- EXTRACTED RECORDS -
§ §

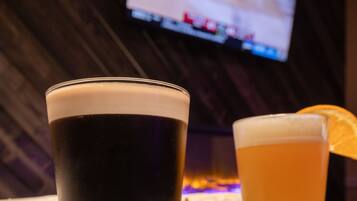 Deux verres de bière posés sur un dessous de verre, avec un téléviseur en arrière-plan.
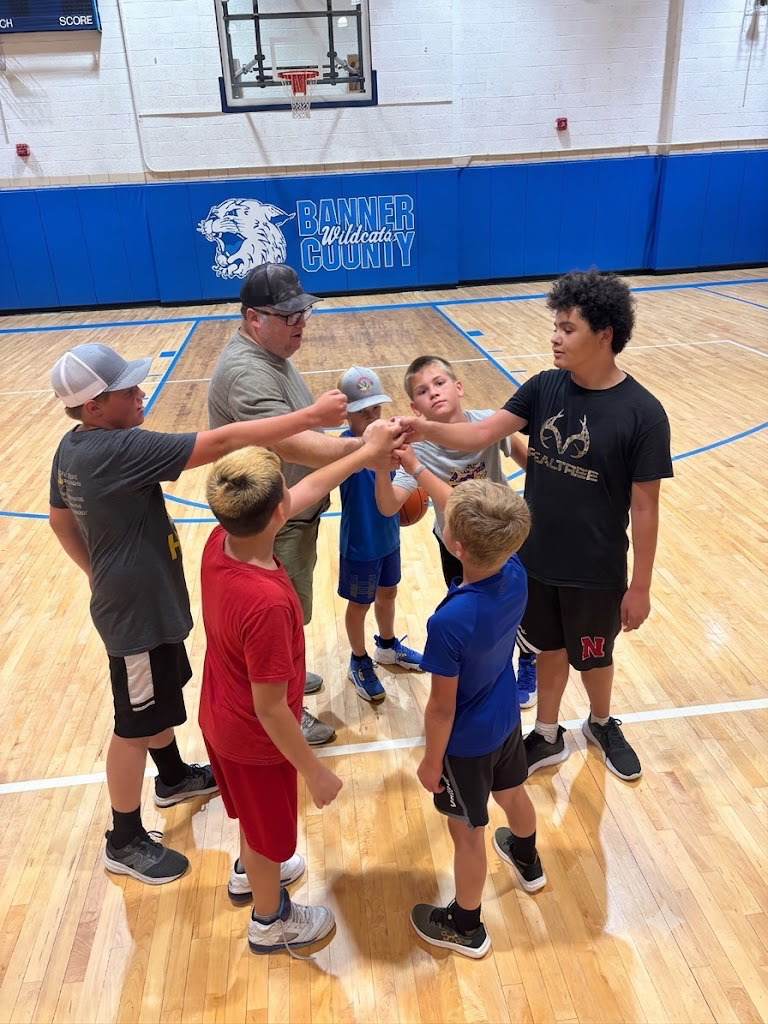 boys in a team huddle after playing basketball 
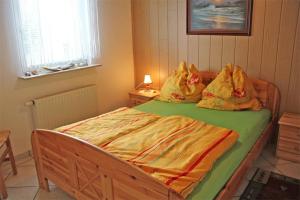 バンシンにあるFerienhaus Bansin USE 2750のベッド(緑色の掛け布団、枕付)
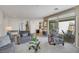 Open-concept living room with modern decor, neutral tones, and seamless transition to outdoor patio at 410 Gracious Way, Henderson, NV 89011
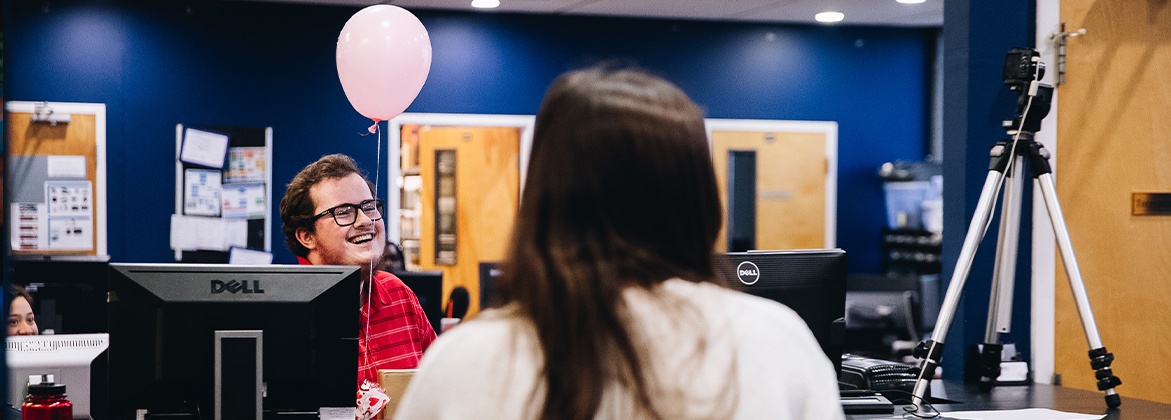 Student being serenaded for Valentine's Day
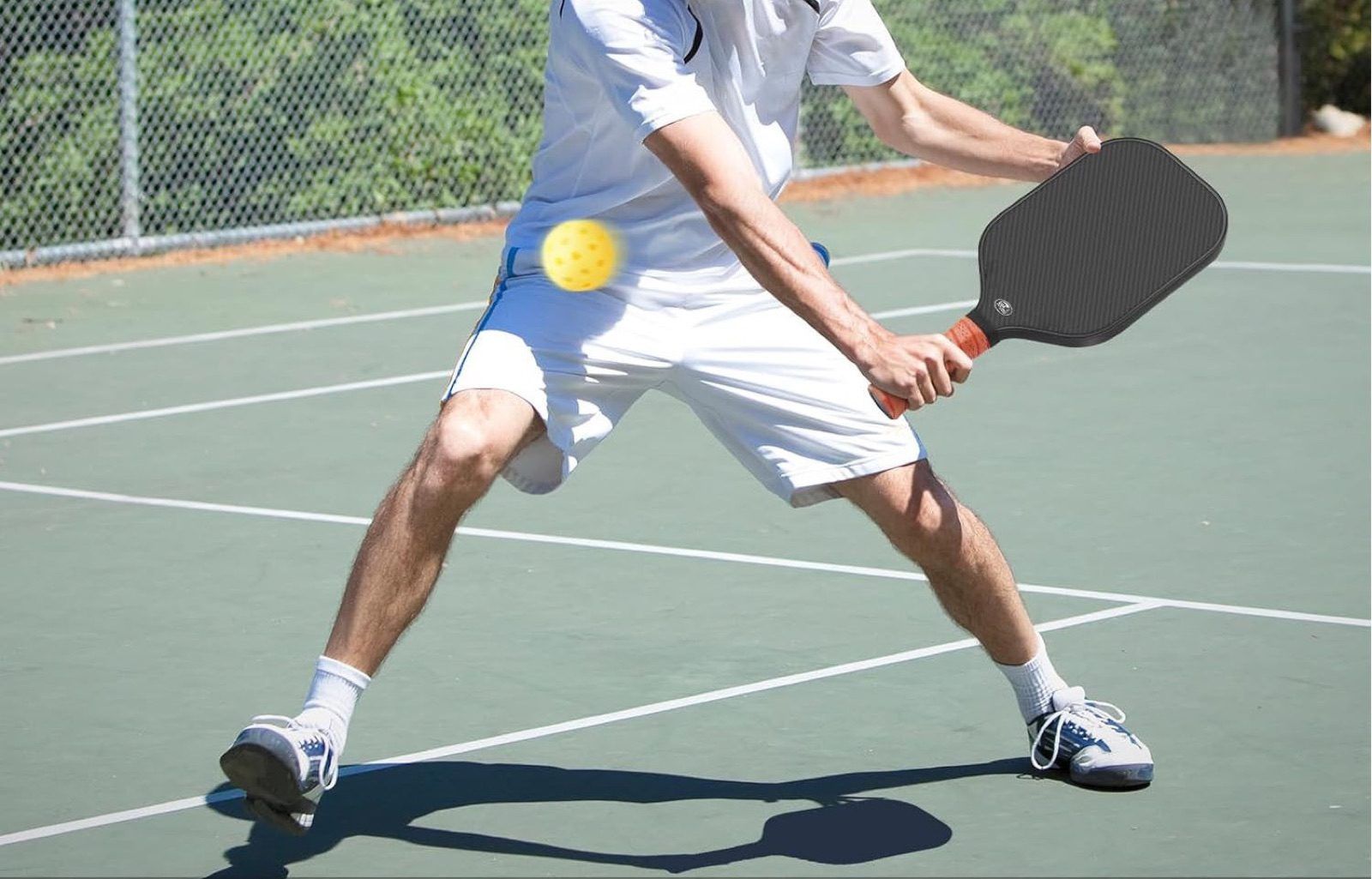 Player striking a pickleball with a raw carbon faced paddle on an outdoor court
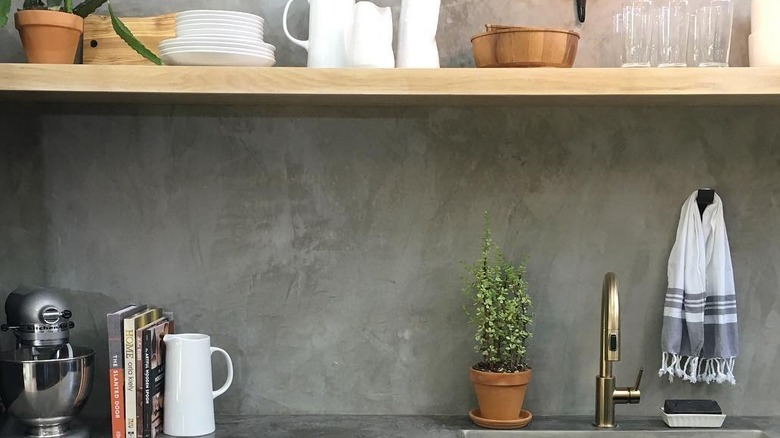 Joanna Gaines-designed kitchen with concrete backsplash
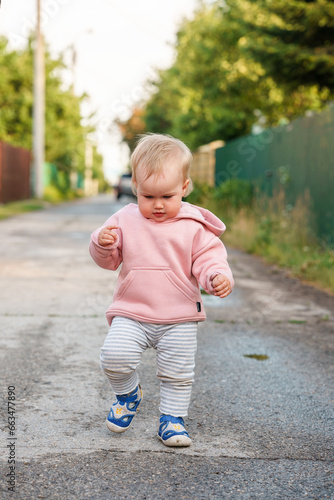 Caucasian baby child girl walks on wet asphalt and smiles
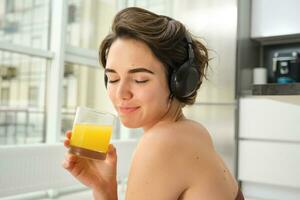 deporte y sano estilo de vida. retrato de contento deportivo chica, aptitud mujer en auriculares, rebobina a hogar, bebidas naranja jugo con contento sonrisa después rutina de ejercicio foto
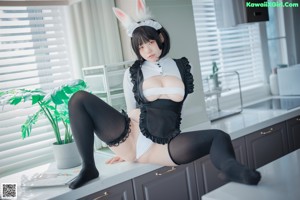 A couple of women in bunny ears are kissing each other.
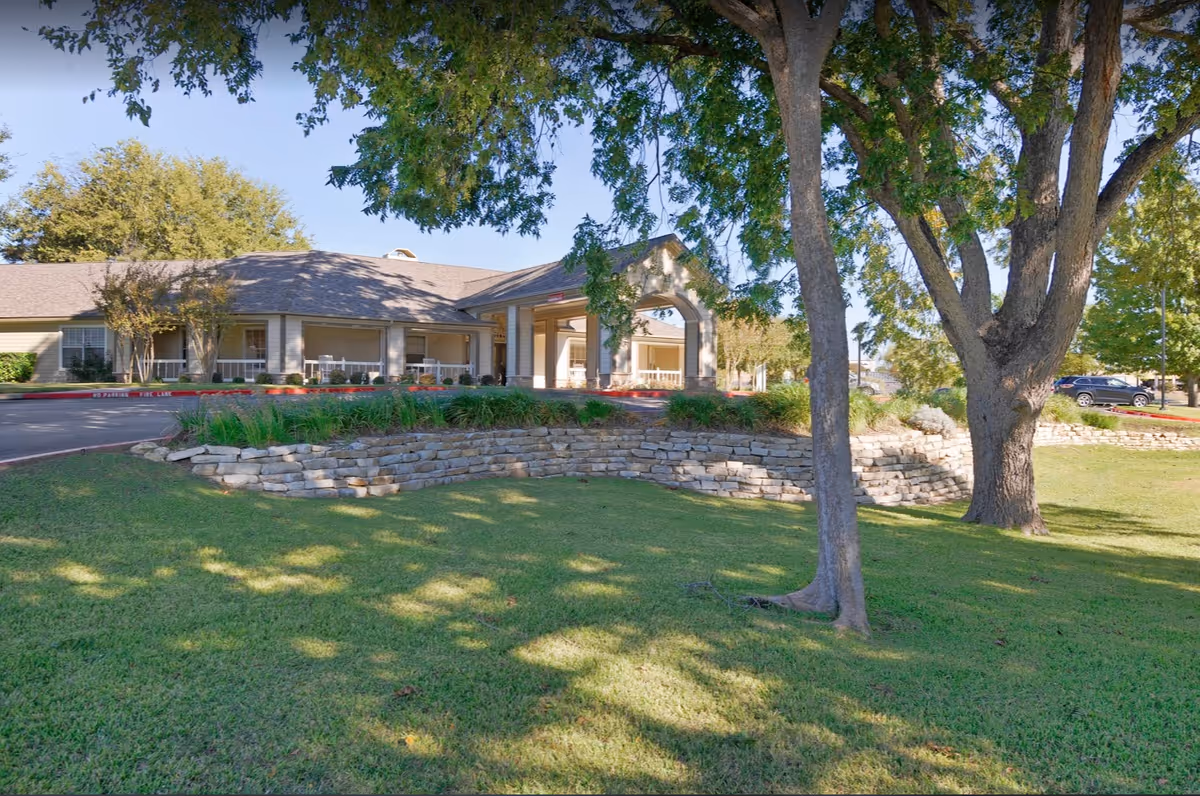 Exterior view of Sodalis Temple facility showing a single-story building with a covered entrance, surrounded by well-maintained green lawn, trees, and a stone retaining wall under a clear blue sky.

§ §

- WORK REQUIRED -
Transcribe only the lines above that start at the line containing "Student being serenaded for Valentine's Day" and end at the line containing "A couple of". Omit pictures.

- ANSWER AREA -
 Student being serenaded for Valentine's Day
 Player striking a pickleball with a raw carbon faced paddle on an outdoor court
 Joanna Gaines-designed kitchen with concrete backsplash
 Caucasian baby child girl walks on wet asphalt and smiles
 deporte y sano estilo de vida. retrato de contento deportivo chica, aptitud mujer en auriculares, rebobina a hogar, bebidas naranja jugo con contento sonrisa después rutina de ejercicio foto
 A couple of women in bunny ears are kissing each other.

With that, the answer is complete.